On 4/13/15 4:01 PM, Fred Schueler wrote:
Quoting Neal Evenhuis <neale at bishopmuseum.org<mailto:neale at bishopmuseum.org>>:

However, until employers (mainly in academia) do away with evaluating
their employee taxonomists based on where they publish (i.e., high ranking
journals), many taxonomists will not switch over to this zero-ranking
registration/repository system.

* I'm glad I got my unemployable badge before this ranking of individuals by the ranking of the journals in which they publish came in.
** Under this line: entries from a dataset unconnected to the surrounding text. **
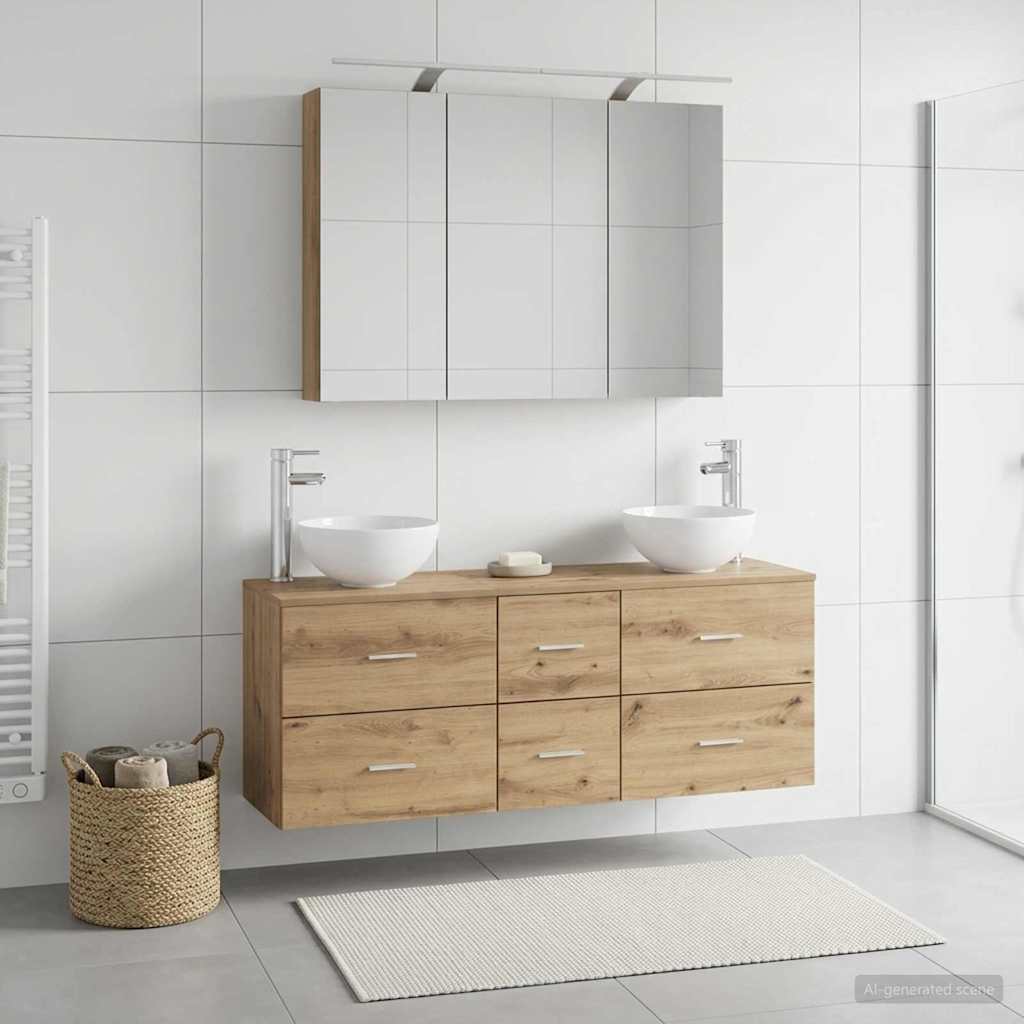 vidaXL Bathroom Furniture Set 4 pcs Artisan Oak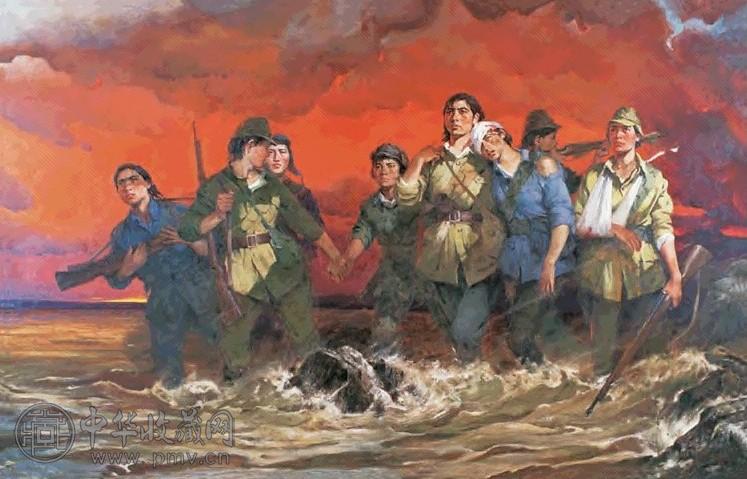 全山石 1989年 中华儿女—八女投江 布面油画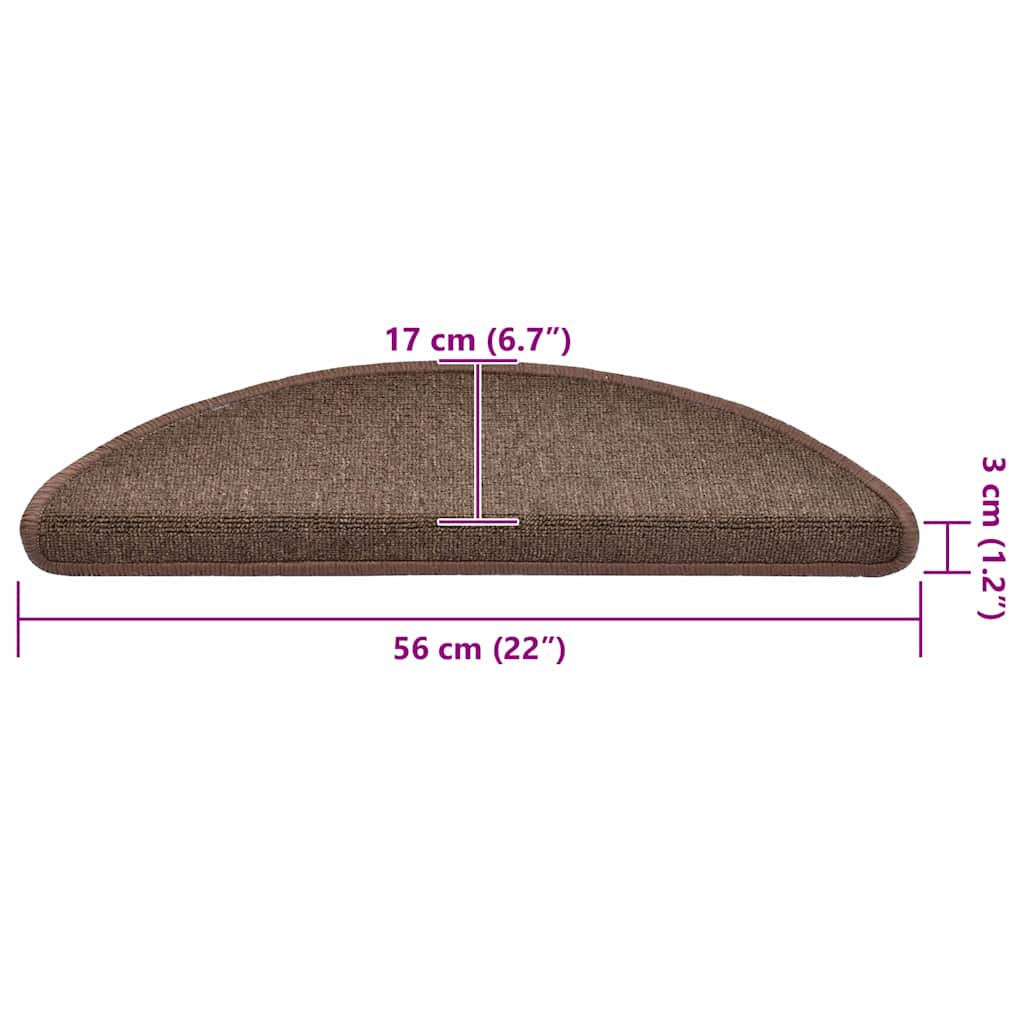 Prostirke za stepenice 20 kom 56x17x3 cm boje kave, poluokrugle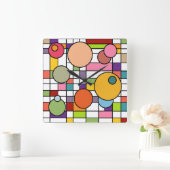 Mid-Century Modern Grid Quadratische Wanduhr (Zuhause)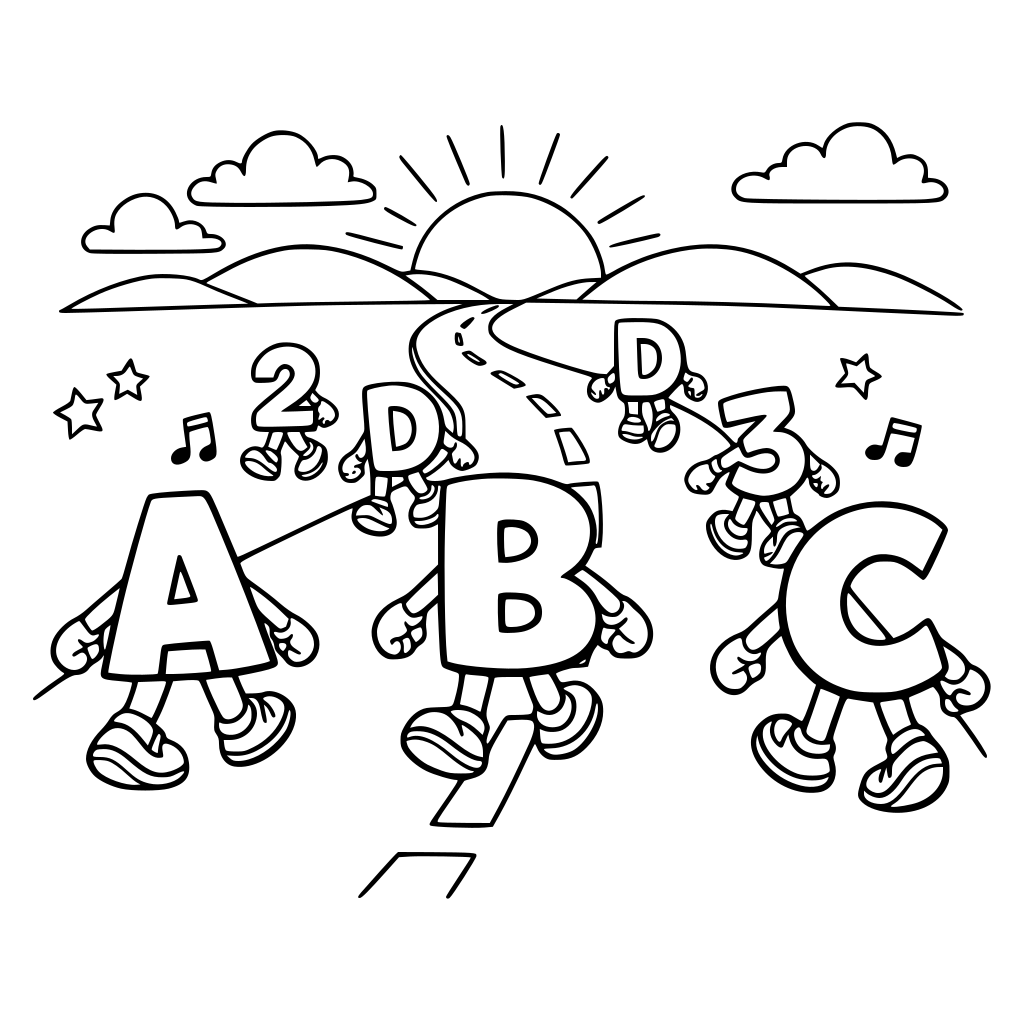 Uma estrada com letras e numeros caminhando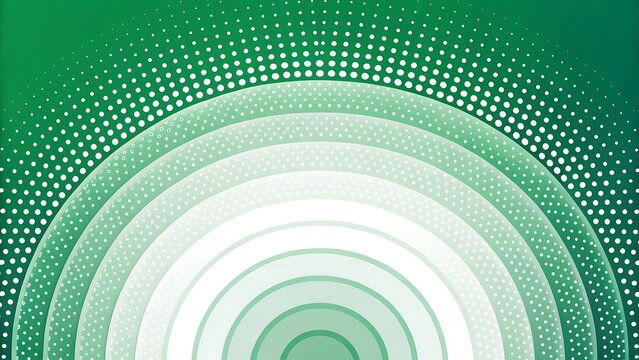 Abstract green tunnel with repeating circular patterns
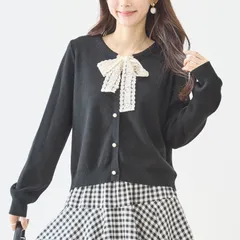 ☆SALE★現品限り★【TRUBE】NEW パールボタン リボン カーディガン M〜L  ブラック(N22-328) レディース 婦人服 トップス 羽織り レース 上品 大人可愛い きれいめ フェミニン 春 20代 30代 40代 50代 60代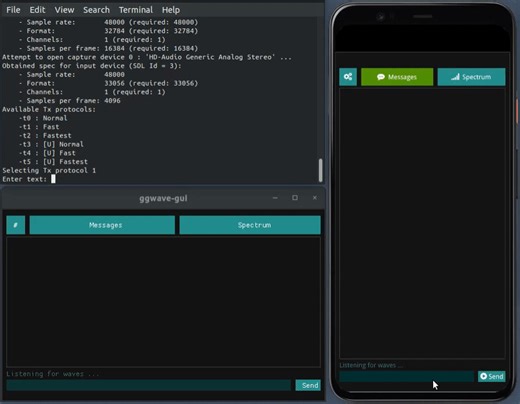 Ggwave Transmite datos a través de ondas sonoras Transmits data through sound waves https://github.com/ggerganov/ggwave | Seguridad en tu red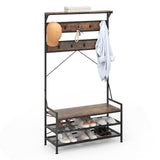 Tangkula Hall Tree with Bench and Shoe Storage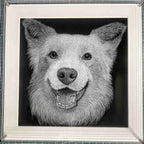 Custom 6-Layer Acrylic Pet Portrait - Black and White Style, Smiling Dog Portrait in White Frame
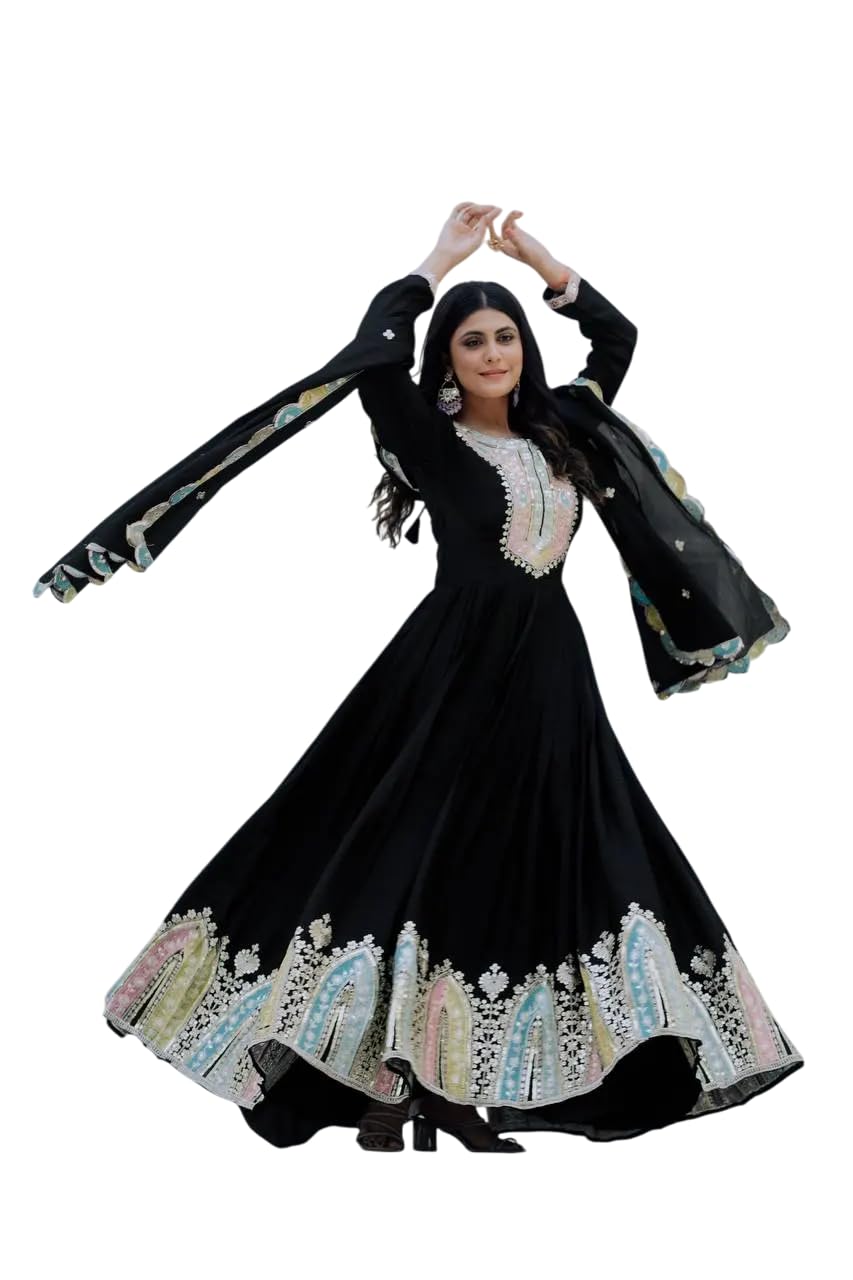 Anarkali Gown with Multicolor Embroidery | Designer Indian Party & Wedding Wear Dress (BLACKLUXE CRAFTS) - BLACKLUXECRAFTS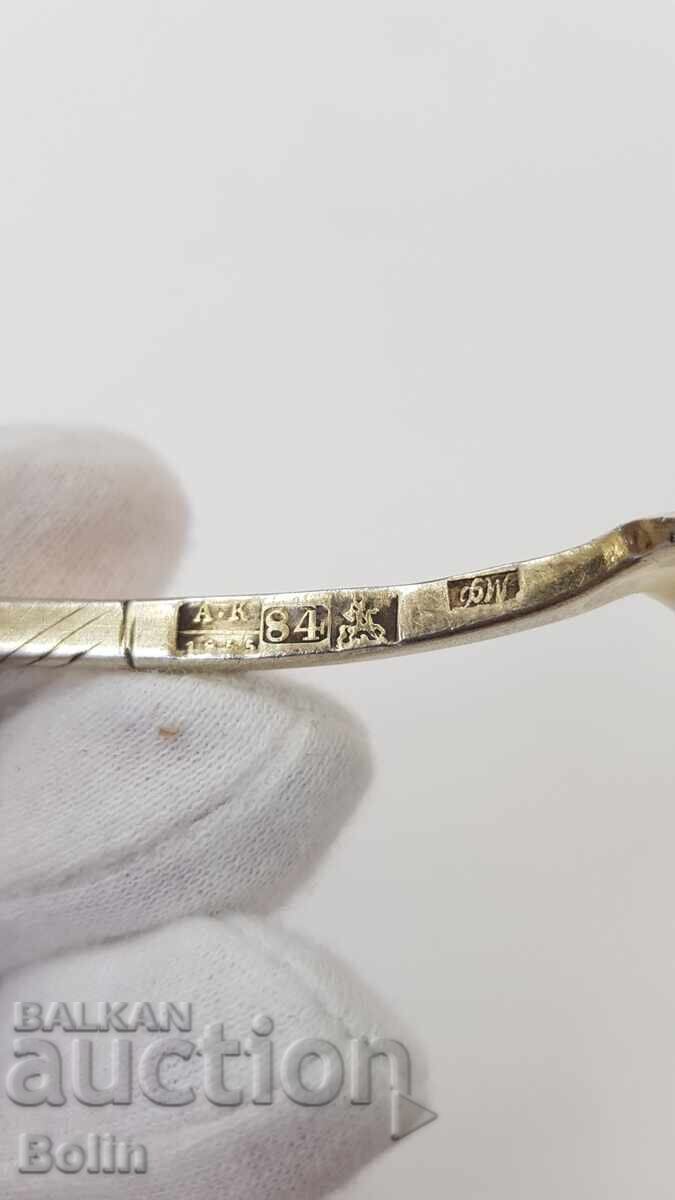 Рядка руска царски лъжица сребро, позлата, ниало 84пр. - 6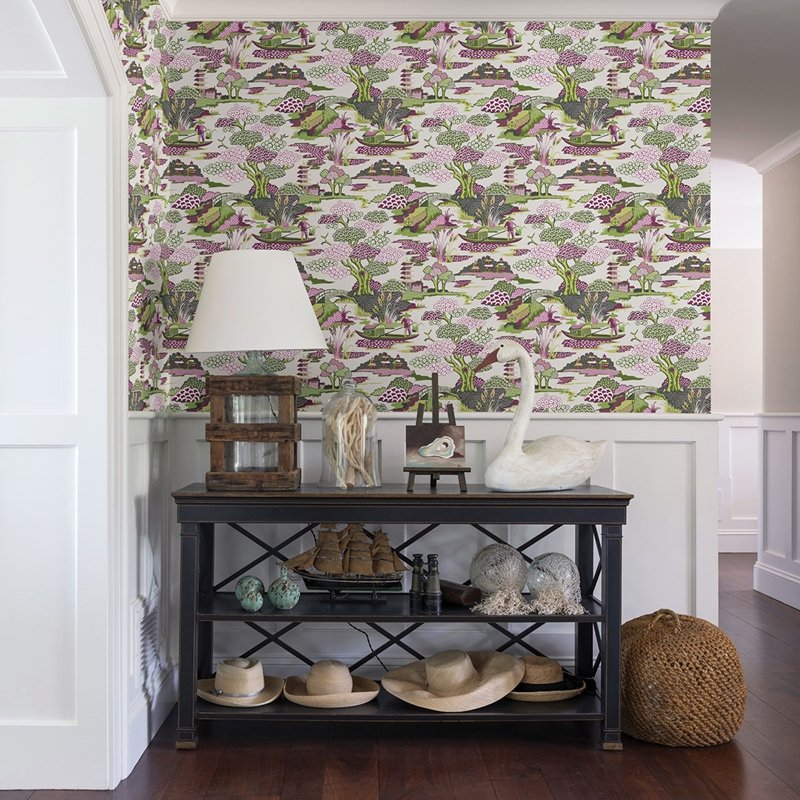 Shop 2901-87506 Perennial Joy De Vie Magenta Toile A Street Prints Wallpaper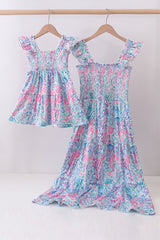 Blue marine smocked ruffle tiered mom&me dress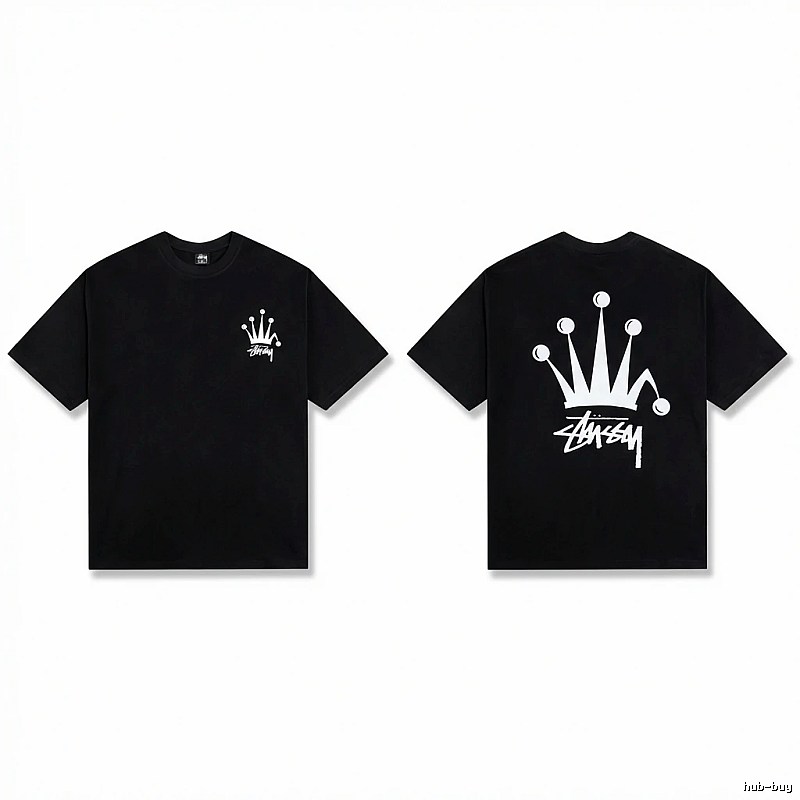 Stussy Crown Trendy and Cool Style Black T-shirt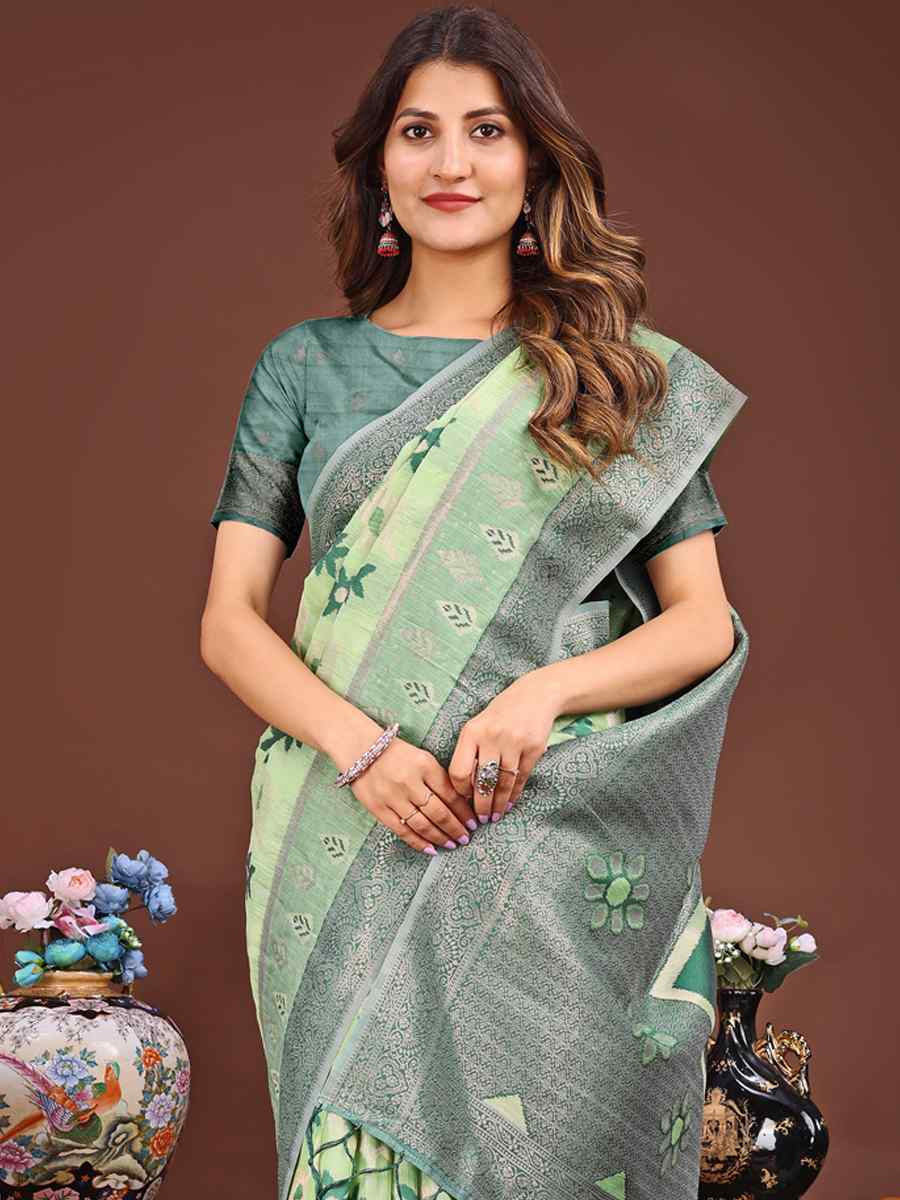 Light Green Linen Cotton Handwoven Festival Wedding Fancy Heavy Border Saree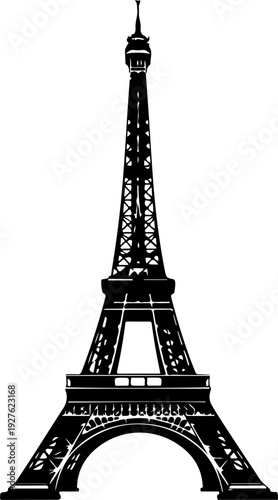 vintage eiffel tower silhouette vector illustration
This practice has always seemed to me to be an institutionalization of pure stinking cowardice - those seeking to violate the commandment "judge not, lest ye be judged" rank journals by popularity criteria solely because they're afraid they (perhaps as administrative trolls luring under academic bridges) couldn't understand the work of the person they're supposed to be evaluating. They fob the job off on a numerical assessment of the journals, and go home to supper.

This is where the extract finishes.